* **Data provided**

= Beginning of Section =

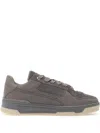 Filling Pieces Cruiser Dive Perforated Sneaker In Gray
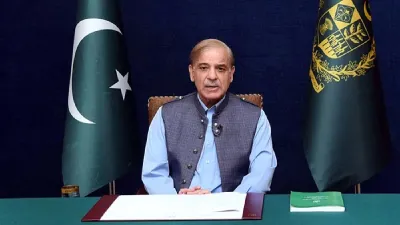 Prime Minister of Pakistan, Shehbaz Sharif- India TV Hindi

= End of Section =
= Beginning of Section =

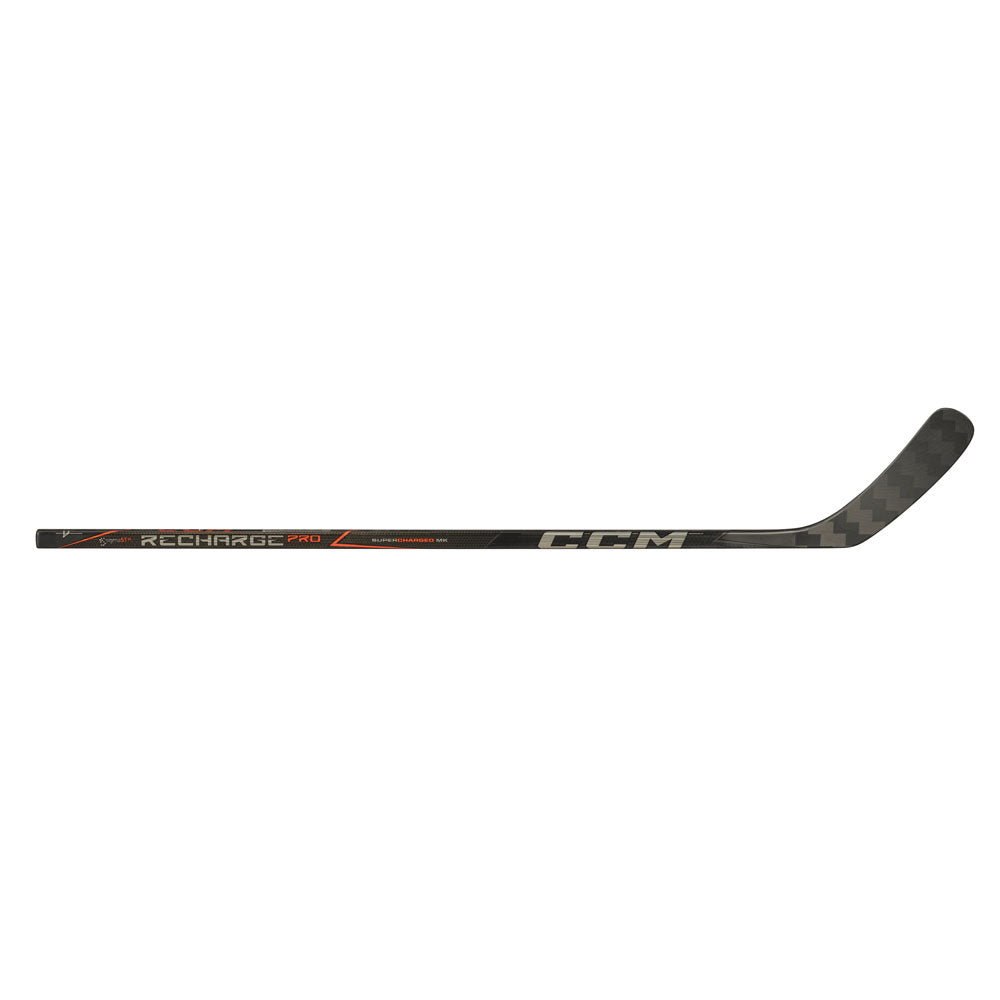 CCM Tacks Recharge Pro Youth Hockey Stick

= End of Section =
= Beginning of Section =

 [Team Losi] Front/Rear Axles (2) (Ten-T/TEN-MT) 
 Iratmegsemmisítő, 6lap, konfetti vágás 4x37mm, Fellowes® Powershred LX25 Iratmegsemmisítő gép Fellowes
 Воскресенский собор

= End of Section =

* **Action item**
Using the entries above, write out exactly the lines from the one with "Filling Pieces Cruiser" through the one with "Prime Minister of", ends included. Leave out any pictures.

* **Solution**
 Filling Pieces Cruiser Dive Perforated Sneaker In Gray
 Prime Minister of Pakistan, Shehbaz Sharif- India TV Hindi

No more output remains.